*Task item*
Retype exactly the span of lines below from the one with "Engineers collaborating on" through the one with "GABRIEL - Kommode". Do not include pictures.

*Task inputs*
────────────────────

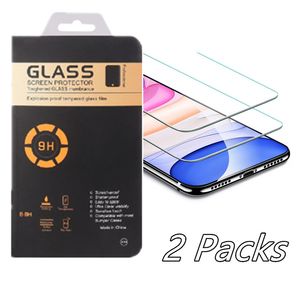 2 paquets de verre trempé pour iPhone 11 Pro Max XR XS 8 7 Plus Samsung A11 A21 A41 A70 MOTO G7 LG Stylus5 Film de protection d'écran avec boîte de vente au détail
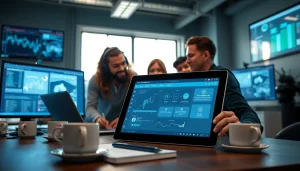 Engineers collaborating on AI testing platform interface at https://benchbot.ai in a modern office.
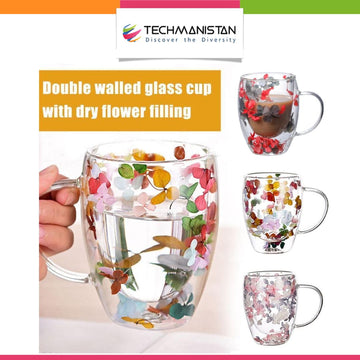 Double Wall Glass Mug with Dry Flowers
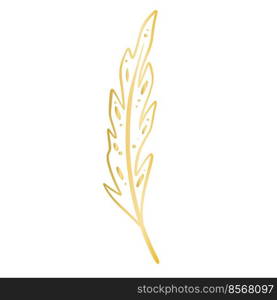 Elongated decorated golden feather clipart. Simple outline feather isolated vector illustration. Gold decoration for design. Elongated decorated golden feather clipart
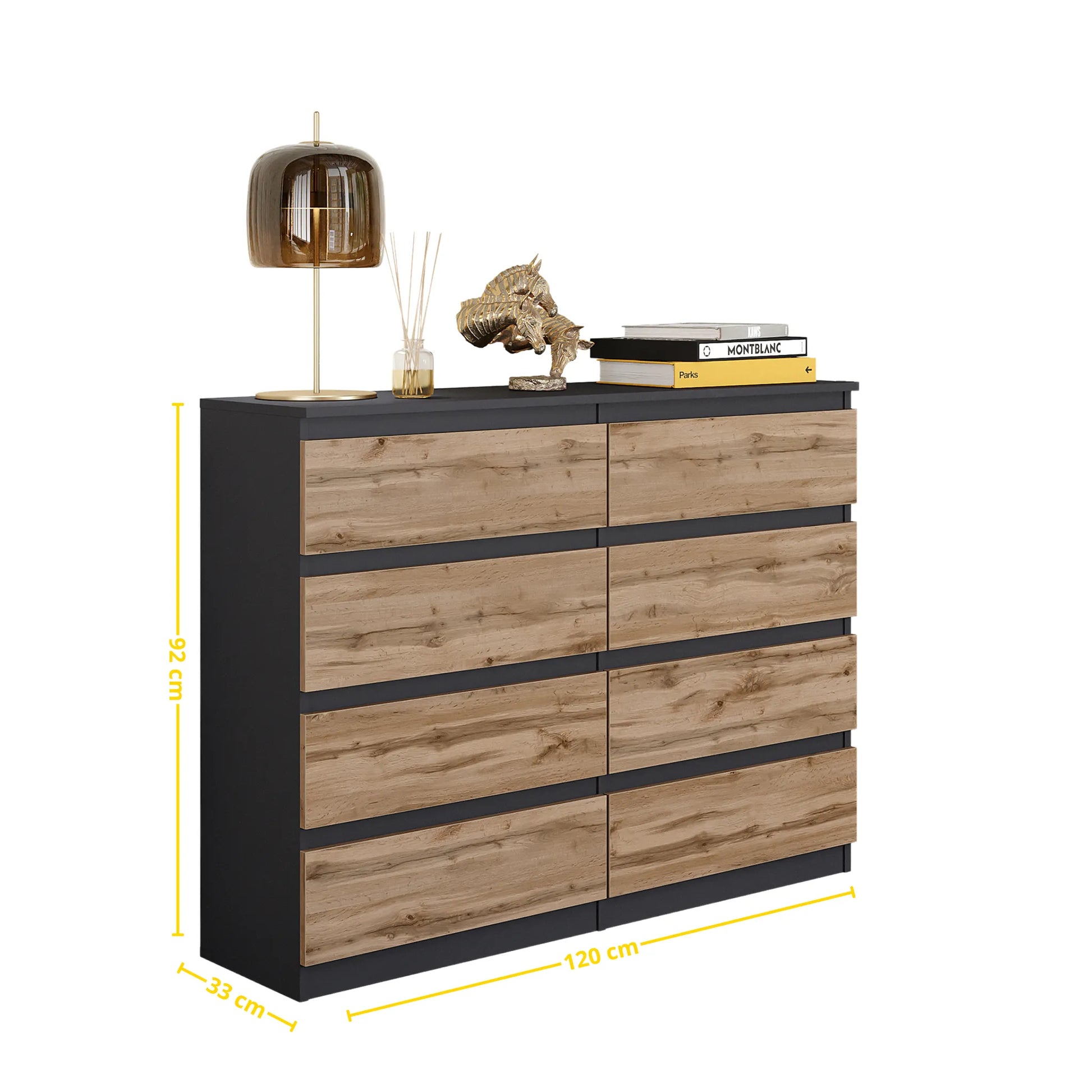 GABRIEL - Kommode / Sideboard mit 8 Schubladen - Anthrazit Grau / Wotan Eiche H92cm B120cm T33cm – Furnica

────────────────────

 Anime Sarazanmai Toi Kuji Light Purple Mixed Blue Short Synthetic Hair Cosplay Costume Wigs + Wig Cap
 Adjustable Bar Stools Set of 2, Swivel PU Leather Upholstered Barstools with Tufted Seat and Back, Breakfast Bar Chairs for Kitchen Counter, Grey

────────────────────

*Solution to this task*
 Engineers collaborating on AI testing platform interface at https://benchbot.ai in a modern office.
 Double Wall Glass Mug with Dry Flowers
 Elongated decorated golden feather clipart. Simple outline feather isolated vector illustration. Gold decoration for design. Elongated decorated golden feather clipart
 GABRIEL - Kommode / Sideboard mit 8 Schubladen - Anthrazit Grau / Wotan Eiche H92cm B120cm T33cm – Furnica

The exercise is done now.